#### GIVEN INFORMATION:
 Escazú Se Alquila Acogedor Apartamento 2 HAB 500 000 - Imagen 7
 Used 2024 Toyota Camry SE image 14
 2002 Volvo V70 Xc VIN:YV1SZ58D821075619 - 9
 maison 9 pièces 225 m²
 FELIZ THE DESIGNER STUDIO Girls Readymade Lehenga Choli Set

...

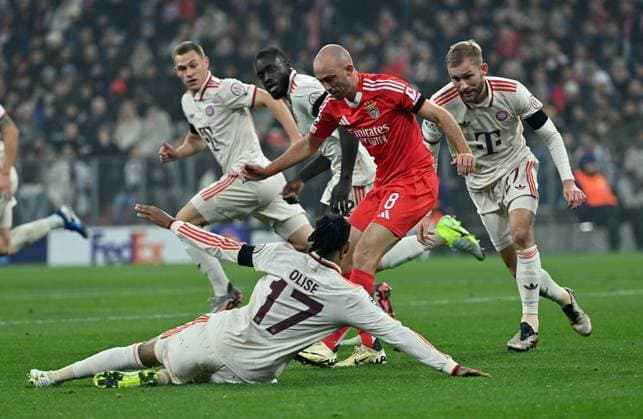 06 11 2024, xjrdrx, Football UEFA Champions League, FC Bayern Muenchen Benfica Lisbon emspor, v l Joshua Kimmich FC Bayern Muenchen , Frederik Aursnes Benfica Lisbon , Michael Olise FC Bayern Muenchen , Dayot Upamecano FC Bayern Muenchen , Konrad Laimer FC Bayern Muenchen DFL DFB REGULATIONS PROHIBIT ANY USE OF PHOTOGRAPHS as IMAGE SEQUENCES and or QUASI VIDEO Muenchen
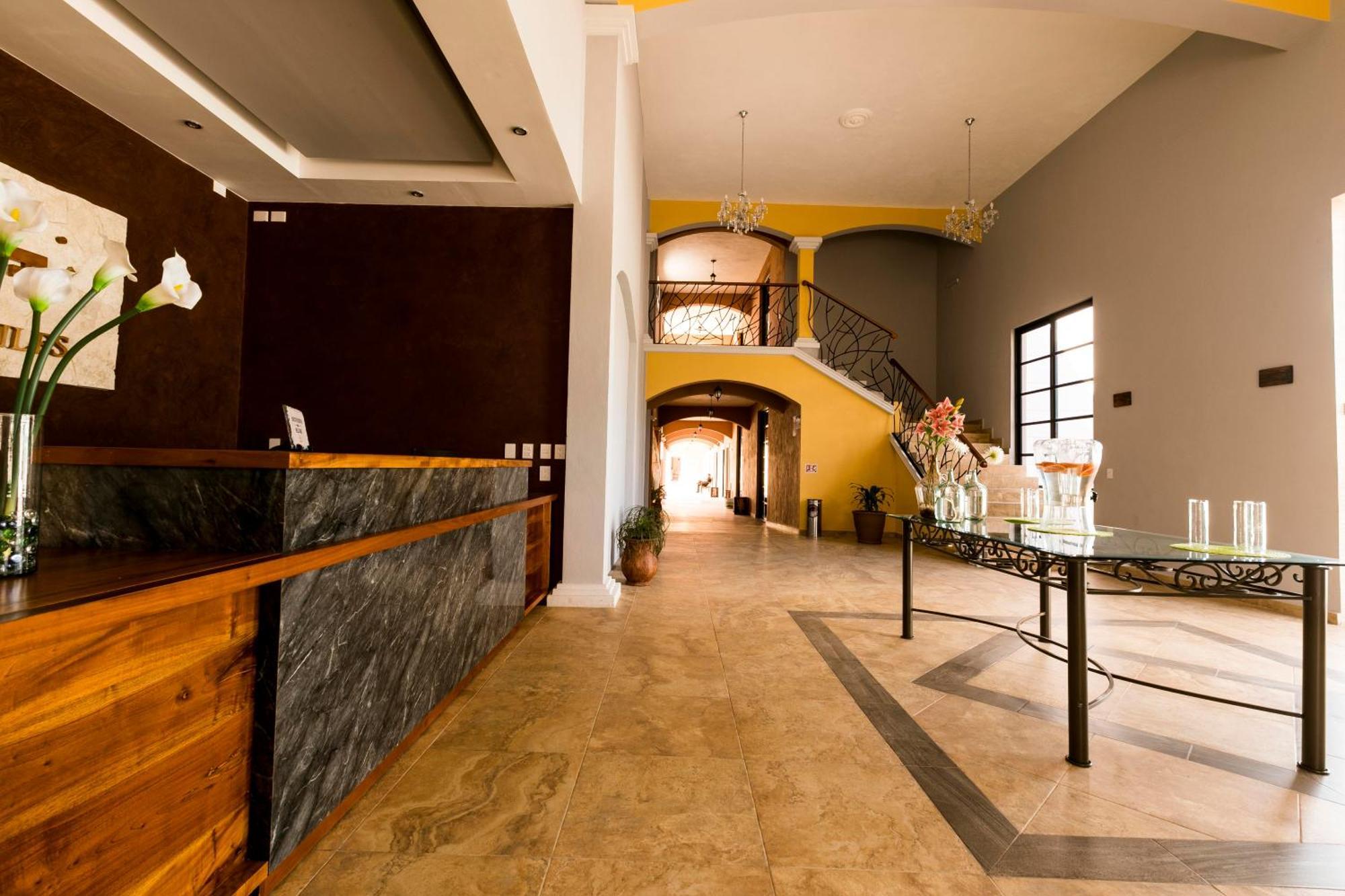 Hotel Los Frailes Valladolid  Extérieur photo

#### WORK INSTRUCTIONS:
In the data above, start at the line that has "maison 9 pièces 225 m²", stop after the line that has "FELIZ THE DESIGNER", and print every line in between exactly as it stands.

#### SOLVED PROBLEM:
 maison 9 pièces 225 m²
 FELIZ THE DESIGNER STUDIO Girls Readymade Lehenga Choli Set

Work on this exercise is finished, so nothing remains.